From the top of the records below down to the line containing "Adesivo Redondo Frenchie", reproduce every line exactly.

===============

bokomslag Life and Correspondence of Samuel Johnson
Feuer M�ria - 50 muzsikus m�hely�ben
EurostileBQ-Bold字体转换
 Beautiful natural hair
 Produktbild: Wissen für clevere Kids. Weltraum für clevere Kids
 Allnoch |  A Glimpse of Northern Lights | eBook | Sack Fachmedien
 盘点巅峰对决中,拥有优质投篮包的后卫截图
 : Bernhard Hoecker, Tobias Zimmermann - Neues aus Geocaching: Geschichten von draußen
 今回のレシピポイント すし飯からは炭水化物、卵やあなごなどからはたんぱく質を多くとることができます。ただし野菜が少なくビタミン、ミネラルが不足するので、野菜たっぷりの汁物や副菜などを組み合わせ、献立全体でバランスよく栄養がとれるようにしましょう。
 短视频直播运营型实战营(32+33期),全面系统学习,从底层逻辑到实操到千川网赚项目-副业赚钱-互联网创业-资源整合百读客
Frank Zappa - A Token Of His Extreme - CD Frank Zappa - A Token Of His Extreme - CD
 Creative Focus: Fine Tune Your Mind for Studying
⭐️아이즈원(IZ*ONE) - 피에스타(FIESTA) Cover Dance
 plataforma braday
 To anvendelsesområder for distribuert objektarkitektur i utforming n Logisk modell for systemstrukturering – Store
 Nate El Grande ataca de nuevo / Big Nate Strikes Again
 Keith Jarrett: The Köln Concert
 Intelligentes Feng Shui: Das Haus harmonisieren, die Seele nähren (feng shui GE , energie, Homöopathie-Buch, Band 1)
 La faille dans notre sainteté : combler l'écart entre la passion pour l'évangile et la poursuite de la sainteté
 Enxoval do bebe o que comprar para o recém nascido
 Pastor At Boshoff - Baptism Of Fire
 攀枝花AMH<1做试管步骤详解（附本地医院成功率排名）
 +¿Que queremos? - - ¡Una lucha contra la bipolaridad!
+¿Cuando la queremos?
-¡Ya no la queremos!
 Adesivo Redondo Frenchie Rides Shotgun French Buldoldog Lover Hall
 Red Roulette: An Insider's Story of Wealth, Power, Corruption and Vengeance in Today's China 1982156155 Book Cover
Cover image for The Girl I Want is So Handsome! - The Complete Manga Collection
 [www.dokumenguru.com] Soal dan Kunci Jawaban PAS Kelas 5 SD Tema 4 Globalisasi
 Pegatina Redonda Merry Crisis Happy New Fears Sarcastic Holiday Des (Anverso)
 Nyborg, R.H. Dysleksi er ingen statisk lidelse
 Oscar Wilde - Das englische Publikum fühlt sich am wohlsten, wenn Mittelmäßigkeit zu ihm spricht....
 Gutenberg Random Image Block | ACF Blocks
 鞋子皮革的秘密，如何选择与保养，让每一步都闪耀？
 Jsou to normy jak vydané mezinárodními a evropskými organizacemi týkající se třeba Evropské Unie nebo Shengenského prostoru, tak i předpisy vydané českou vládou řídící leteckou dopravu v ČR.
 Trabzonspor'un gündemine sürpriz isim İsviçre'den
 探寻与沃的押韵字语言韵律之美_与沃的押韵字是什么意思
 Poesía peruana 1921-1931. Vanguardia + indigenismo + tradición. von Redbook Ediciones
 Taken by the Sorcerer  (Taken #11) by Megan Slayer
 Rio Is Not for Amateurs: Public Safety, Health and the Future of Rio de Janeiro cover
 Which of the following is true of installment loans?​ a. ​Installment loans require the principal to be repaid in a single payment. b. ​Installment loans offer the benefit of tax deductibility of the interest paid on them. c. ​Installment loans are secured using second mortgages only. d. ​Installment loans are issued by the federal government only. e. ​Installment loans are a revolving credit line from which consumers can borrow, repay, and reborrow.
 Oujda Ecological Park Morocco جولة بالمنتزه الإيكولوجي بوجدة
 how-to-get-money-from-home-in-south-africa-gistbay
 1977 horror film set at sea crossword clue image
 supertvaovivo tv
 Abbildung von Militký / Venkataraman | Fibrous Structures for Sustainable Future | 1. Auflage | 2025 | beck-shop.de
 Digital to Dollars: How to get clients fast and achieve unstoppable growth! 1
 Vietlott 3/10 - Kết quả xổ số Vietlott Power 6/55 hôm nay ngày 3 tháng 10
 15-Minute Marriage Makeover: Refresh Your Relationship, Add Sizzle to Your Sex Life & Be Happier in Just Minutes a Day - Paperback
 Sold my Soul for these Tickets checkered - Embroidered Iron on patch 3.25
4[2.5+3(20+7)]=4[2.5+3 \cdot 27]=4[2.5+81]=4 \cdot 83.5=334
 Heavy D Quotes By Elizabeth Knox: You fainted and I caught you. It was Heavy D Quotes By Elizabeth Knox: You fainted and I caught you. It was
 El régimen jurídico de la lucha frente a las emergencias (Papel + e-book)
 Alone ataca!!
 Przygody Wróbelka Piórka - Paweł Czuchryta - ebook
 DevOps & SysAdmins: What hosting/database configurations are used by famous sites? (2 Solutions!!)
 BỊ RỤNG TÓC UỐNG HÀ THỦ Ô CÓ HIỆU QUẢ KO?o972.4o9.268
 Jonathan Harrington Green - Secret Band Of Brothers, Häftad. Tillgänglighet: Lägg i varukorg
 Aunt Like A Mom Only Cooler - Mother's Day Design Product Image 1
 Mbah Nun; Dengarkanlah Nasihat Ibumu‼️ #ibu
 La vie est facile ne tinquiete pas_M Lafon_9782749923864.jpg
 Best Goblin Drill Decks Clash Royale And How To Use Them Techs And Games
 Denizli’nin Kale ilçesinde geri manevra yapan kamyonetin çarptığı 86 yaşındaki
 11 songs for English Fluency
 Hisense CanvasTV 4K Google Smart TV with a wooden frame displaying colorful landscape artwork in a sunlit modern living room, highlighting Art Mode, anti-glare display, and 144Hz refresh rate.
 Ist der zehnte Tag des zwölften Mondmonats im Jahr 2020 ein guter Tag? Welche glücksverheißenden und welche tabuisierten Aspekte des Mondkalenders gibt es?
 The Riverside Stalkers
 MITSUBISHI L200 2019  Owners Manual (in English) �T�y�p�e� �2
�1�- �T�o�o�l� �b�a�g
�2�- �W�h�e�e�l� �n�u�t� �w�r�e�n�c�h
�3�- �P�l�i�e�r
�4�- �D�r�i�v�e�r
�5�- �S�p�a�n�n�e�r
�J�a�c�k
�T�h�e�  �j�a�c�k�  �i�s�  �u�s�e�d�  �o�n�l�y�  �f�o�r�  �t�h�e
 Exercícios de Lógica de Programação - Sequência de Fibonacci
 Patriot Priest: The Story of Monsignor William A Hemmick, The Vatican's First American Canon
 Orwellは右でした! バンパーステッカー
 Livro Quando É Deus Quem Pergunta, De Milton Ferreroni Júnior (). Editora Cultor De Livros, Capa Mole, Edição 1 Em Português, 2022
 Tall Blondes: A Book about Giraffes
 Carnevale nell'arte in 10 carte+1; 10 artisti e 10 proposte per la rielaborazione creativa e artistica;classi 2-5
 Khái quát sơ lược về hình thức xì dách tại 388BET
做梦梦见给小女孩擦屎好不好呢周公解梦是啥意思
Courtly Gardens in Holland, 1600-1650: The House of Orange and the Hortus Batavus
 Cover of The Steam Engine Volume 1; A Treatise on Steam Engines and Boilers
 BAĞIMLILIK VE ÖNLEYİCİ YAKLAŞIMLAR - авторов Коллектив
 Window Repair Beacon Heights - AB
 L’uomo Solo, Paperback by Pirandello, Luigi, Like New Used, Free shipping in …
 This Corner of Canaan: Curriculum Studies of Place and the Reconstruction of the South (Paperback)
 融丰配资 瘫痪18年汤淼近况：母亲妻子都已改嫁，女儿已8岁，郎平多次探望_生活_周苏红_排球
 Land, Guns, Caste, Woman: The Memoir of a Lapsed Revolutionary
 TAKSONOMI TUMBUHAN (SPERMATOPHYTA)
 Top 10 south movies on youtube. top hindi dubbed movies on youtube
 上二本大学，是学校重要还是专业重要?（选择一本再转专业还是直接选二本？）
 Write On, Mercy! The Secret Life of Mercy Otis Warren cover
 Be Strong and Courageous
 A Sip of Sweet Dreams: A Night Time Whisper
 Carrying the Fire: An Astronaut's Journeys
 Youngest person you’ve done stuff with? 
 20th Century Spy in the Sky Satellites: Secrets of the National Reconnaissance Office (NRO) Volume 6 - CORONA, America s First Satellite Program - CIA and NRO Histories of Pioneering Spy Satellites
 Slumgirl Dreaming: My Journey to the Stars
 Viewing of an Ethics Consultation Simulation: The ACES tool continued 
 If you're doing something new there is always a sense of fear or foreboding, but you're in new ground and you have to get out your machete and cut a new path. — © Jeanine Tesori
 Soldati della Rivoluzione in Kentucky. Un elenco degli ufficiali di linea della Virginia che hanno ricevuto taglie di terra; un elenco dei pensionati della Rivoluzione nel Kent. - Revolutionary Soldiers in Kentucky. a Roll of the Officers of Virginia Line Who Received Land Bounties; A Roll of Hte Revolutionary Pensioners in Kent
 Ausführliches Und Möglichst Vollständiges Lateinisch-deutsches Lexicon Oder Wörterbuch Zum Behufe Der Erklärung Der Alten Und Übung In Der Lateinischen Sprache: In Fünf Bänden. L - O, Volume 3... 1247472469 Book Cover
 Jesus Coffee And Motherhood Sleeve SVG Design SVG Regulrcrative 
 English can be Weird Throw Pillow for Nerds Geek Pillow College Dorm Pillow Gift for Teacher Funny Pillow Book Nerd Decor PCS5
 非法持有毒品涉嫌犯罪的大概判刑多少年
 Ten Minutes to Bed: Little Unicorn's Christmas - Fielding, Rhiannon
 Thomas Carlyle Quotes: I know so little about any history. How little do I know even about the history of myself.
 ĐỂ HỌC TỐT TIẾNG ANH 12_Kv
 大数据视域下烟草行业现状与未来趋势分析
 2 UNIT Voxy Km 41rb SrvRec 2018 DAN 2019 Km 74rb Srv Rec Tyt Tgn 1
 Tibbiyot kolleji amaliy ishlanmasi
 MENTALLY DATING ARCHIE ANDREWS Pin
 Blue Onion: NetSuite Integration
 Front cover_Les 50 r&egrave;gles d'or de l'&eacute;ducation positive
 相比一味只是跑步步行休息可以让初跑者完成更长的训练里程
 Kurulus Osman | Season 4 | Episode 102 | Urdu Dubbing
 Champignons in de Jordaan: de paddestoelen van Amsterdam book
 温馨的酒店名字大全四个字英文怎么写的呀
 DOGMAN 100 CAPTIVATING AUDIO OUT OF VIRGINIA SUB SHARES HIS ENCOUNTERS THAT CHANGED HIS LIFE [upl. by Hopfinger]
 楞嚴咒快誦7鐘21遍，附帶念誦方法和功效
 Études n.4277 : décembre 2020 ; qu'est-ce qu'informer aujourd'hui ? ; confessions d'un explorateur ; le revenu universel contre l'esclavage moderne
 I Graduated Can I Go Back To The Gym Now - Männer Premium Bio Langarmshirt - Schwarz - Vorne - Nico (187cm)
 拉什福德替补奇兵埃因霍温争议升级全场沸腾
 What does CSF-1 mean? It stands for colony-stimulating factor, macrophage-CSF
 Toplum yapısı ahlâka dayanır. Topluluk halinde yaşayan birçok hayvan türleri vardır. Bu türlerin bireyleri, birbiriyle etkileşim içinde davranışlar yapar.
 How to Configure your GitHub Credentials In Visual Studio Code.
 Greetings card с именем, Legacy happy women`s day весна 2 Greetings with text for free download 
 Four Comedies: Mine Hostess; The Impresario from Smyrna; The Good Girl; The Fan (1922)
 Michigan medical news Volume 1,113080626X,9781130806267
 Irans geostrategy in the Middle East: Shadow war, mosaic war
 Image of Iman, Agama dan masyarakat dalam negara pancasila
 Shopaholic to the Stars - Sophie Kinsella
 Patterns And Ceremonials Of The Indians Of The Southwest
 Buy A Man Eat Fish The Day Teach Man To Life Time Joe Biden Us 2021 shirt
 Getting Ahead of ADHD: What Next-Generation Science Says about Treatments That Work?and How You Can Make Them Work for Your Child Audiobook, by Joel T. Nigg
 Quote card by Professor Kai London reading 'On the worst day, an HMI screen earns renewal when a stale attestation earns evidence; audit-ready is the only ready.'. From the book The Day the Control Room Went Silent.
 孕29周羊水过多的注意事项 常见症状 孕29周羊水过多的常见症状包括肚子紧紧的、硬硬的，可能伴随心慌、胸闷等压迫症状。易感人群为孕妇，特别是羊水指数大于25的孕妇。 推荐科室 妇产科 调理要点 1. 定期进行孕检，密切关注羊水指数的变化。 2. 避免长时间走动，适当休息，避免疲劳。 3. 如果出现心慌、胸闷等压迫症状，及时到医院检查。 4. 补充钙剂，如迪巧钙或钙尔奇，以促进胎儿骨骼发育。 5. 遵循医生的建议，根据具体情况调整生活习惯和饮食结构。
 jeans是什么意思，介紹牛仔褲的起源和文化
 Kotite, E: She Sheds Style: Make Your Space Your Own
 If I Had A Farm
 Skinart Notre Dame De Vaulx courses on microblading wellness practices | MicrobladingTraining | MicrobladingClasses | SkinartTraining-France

===============

Response to the task:
bokomslag Life and Correspondence of Samuel Johnson
Feuer M�ria - 50 muzsikus m�hely�ben
EurostileBQ-Bold字体转换
 Beautiful natural hair
 Produktbild: Wissen für clevere Kids. Weltraum für clevere Kids
 Allnoch |  A Glimpse of Northern Lights | eBook | Sack Fachmedien
 盘点巅峰对决中,拥有优质投篮包的后卫截图
 : Bernhard Hoecker, Tobias Zimmermann - Neues aus Geocaching: Geschichten von draußen
 今回のレシピポイント すし飯からは炭水化物、卵やあなごなどからはたんぱく質を多くとることができます。ただし野菜が少なくビタミン、ミネラルが不足するので、野菜たっぷりの汁物や副菜などを組み合わせ、献立全体でバランスよく栄養がとれるようにしましょう。
 短视频直播运营型实战营(32+33期),全面系统学习,从底层逻辑到实操到千川网赚项目-副业赚钱-互联网创业-资源整合百读客
Frank Zappa - A Token Of His Extreme - CD Frank Zappa - A Token Of His Extreme - CD
 Creative Focus: Fine Tune Your Mind for Studying
⭐️아이즈원(IZ*ONE) - 피에스타(FIESTA) Cover Dance
 plataforma braday
 To anvendelsesområder for distribuert objektarkitektur i utforming n Logisk modell for systemstrukturering – Store
 Nate El Grande ataca de nuevo / Big Nate Strikes Again
 Keith Jarrett: The Köln Concert
 Intelligentes Feng Shui: Das Haus harmonisieren, die Seele nähren (feng shui GE , energie, Homöopathie-Buch, Band 1)
 La faille dans notre sainteté : combler l'écart entre la passion pour l'évangile et la poursuite de la sainteté
 Enxoval do bebe o que comprar para o recém nascido
 Pastor At Boshoff - Baptism Of Fire
 攀枝花AMH<1做试管步骤详解（附本地医院成功率排名）
 +¿Que queremos? - - ¡Una lucha contra la bipolaridad!
+¿Cuando la queremos?
-¡Ya no la queremos!
 Adesivo Redondo Frenchie Rides Shotgun French Buldoldog Lover Hall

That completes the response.